Descriptors information

  • ID Preferred descriptor’s ID must ideally match descriptor calculation software’s internal descriptor ID
  • Name Name should gives short description about descriptor. Preferably must be same as in descriptor calculation software documentation
  • Application Application should refer to used software and its version (e.g. PaDEL-Descriptor 2.18)
  • UCUM If descriptor has an unit it must be represented as UCUM http://unitsofmeasure.org/ucum.html

Models information

  • ID Model’s ID must give enough information to precisely locate model in the article. (e.g. Tab1.Model1, Eq8)
  • Name Model’s Name gives short description about model. It is recommend not including property’s name into the model’s name to avoid repetition (e.g. Melting point model). If certain group of chemicals were modelled, the name of the chemical class will add extra information for the model user (e.g. Model for hydrocarbons). Another example of model’s name is ‘Imbalanced model towards B-compounds’
  • Property Property links model and modelled endpoint together.
  • PMML Predictive Model Markup Language (PMML) is an XML based data format for the representation of statistical and data mining models. Documentation and examples of use can be found at http://www.dmg.org/v4-1/GeneralStructure.html
  • BibTeX BibTeX contains information from where used model originate.

Predictions information

  • ID Preferred prediction’s ID gives information about used model and data set (e.g. M1.train, M2.valid)
  • Name Name should gives short description about data used for predictions (e.g.
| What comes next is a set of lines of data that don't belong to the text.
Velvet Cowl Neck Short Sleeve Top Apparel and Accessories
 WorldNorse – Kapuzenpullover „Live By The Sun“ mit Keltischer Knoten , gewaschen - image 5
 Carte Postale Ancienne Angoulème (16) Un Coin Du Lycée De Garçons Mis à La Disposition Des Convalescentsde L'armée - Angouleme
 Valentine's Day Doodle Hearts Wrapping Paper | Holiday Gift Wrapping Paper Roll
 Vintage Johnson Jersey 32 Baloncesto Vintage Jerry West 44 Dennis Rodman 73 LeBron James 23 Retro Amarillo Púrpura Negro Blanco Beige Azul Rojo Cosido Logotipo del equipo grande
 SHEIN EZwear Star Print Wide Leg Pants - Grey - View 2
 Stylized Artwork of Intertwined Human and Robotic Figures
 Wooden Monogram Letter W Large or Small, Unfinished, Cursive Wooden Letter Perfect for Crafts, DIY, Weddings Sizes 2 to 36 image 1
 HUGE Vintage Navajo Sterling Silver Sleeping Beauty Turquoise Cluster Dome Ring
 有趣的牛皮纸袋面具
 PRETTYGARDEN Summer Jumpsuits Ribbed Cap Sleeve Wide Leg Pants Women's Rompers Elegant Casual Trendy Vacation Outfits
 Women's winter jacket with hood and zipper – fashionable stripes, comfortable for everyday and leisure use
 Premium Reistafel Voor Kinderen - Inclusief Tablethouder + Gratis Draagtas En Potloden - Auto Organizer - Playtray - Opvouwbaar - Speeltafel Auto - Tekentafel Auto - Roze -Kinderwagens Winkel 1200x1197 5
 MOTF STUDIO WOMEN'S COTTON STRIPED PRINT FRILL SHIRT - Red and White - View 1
Training set, Validation set)
  • Model Model links predictions to the model
  • Type Type can be “training”, “validation” or “testing”.
    • training - Predictions for a data set used for the model development
    • validation – Model benchmarking and making predictions on known chemical systems
    • testing - Making predictions on unknown chemical systems
  • Application Application refers to software and its version which was used for modelling (e.g. Random Forest 4.6-7)
  • UCUM If property has an unit it must be represented as UCUM http://unitsofmeasure.org/ucum.html
  • BibTeX BibTeX contains information from where predictions originate.

API for QsarDB


Predictor service

Predictor service performs a single prediction with a (Q)SAR model deposited to QsarDB repository.

Resource URL:

http://qsardb.org/repository/service/predictor/{handle}/models/{model}?{structure}

Parameters

Name Parameter description
handle QsarDB repository handle for a deposited QDB archive
model model identifier in the QDB archive
structure chemical structure in SMILES or InChI representation

Example request

http://qsardb.org/repository/service/predictor/10967/104/models/rf?CC(=O)O

Notes

Currently this functionality is supported only for a limited set of models that use Chemistry Development Kit descriptors:

Handle Model ID QDB archive
10967/104 rf Lang, Andrew SID; Bradley, Jean-Claude ONS Melting Point Model 010.
10967/103 rf Lang, Andrew SID; Bradley, Jean-Claude Abraham descriptor L.
10967/102 rf Lang, Andrew SID; Bradley, Jean-Claude Abraham descriptor V.
10967/101 rf Lang, Andrew SID; Bradley, Jean-Claude Abraham descriptor B.
10967/100 rf Lang, Andrew SID; Bradley, Jean-Claude Abraham descriptor A.
10967/99 rf Lang, Andrew SID; Bradley, Jean-Claude Abraham descriptor S.
10967/98 rf Lang, Andrew SID; Bradley, Jean-Claude Abraham descriptor E.
10967/97 rf Lang, Andrew SID; Bradley, Jean-Claude Abraham model solvent coefficient v.
10967/96 rf Lang, Andrew SID; Bradley, Jean-Claude Abraham model solvent coefficient b.
10967/95 rf Lang, Andrew SID; Bradley, Jean-Claude Abraham model solvent coefficient a.
10967/94 rf Lang, Andrew SID; Bradley, Jean-Claude Abraham model solvent coefficient s.
10967/93 rf Lang, Andrew SID; Bradley, Jean-Claude Abraham model solvent coefficient e.
10967/6 rf Lang, Andrew SID; Bradley, Jean-Claude Abraham model solvent coefficient c.